The validity of these results comes largely from the very large number of eyes included and the fact they were recruited prospectively. Some caution is required, however, because of the uncertain effects of selection bias and, despite the seemingly near perfect pairing process, the fact that fellow eyes were not originally identified in the database so some uncertainty surrounds this process.

Selection bias cannot be quantified but might arise and confound comparison of these results with studies using ultrasound because the IOLMaster is unable to measure AL in all subjects. This is because patient cooperation is required both to position on the IOLMaster and to fixate on an internal target whereas ultrasound AL measurement is possible even in anaesthetised patients. In addition, because the IOLMaster uses an optical double pass measurement technique, media opacities, particularly those that scatter light such as posterior subcapsular cataracts, can render measurement impossible, a factor that does not affect ultrasonic measurements.

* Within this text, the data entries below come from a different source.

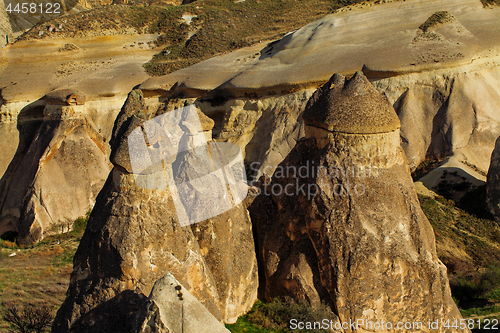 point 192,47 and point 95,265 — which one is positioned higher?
point 95,265

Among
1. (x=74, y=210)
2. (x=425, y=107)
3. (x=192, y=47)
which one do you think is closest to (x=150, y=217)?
(x=74, y=210)

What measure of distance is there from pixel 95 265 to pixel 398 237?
3586 millimetres

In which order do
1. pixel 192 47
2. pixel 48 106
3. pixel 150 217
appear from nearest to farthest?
1. pixel 150 217
2. pixel 48 106
3. pixel 192 47

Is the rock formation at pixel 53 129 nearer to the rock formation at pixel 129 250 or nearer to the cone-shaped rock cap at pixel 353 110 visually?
the rock formation at pixel 129 250

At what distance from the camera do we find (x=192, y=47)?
19859 mm

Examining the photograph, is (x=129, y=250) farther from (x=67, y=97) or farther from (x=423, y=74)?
(x=423, y=74)

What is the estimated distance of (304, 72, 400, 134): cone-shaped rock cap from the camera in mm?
5410

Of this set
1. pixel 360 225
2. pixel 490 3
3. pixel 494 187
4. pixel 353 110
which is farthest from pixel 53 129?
pixel 490 3

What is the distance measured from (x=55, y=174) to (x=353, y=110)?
9697mm

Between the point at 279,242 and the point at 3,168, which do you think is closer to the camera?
the point at 279,242

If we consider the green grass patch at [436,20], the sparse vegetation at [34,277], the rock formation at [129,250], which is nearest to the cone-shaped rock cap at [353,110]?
the rock formation at [129,250]

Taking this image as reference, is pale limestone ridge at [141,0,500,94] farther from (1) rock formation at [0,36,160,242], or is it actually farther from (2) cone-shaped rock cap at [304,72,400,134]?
(2) cone-shaped rock cap at [304,72,400,134]

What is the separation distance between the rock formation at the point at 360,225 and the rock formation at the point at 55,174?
8.48 m

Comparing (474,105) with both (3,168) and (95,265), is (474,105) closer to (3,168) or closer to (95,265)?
(95,265)
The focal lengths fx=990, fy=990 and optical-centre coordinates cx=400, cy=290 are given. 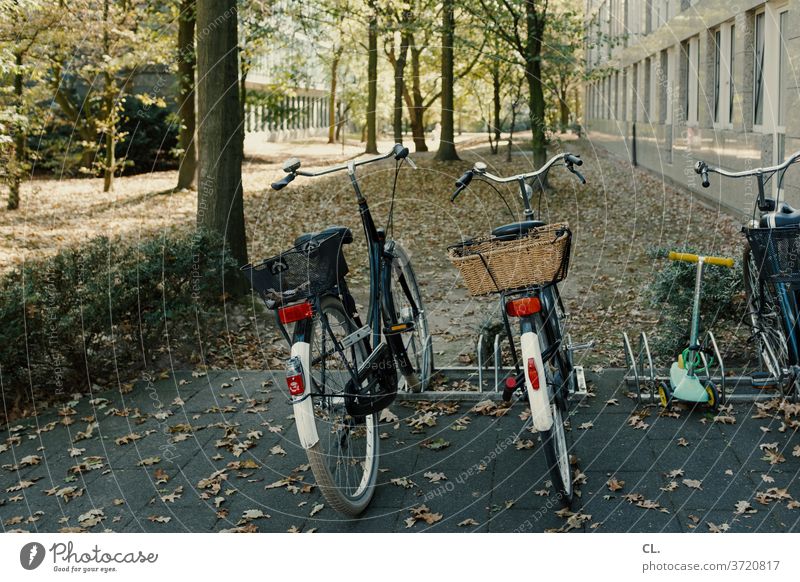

Nonetheless, it is believed that this analysis has established the normal range of optical biometric variation in the UK cataract surgery population and that it should enable updated recommendations for measurement verification to be made. Indeed, as the biometric characteristics of the UK cataract surgery population are similar to those of other western populations, (Table 3) it is likely that these recommendations are widely applicable. It is hoped that this information will be of interest to all cataract surgeons.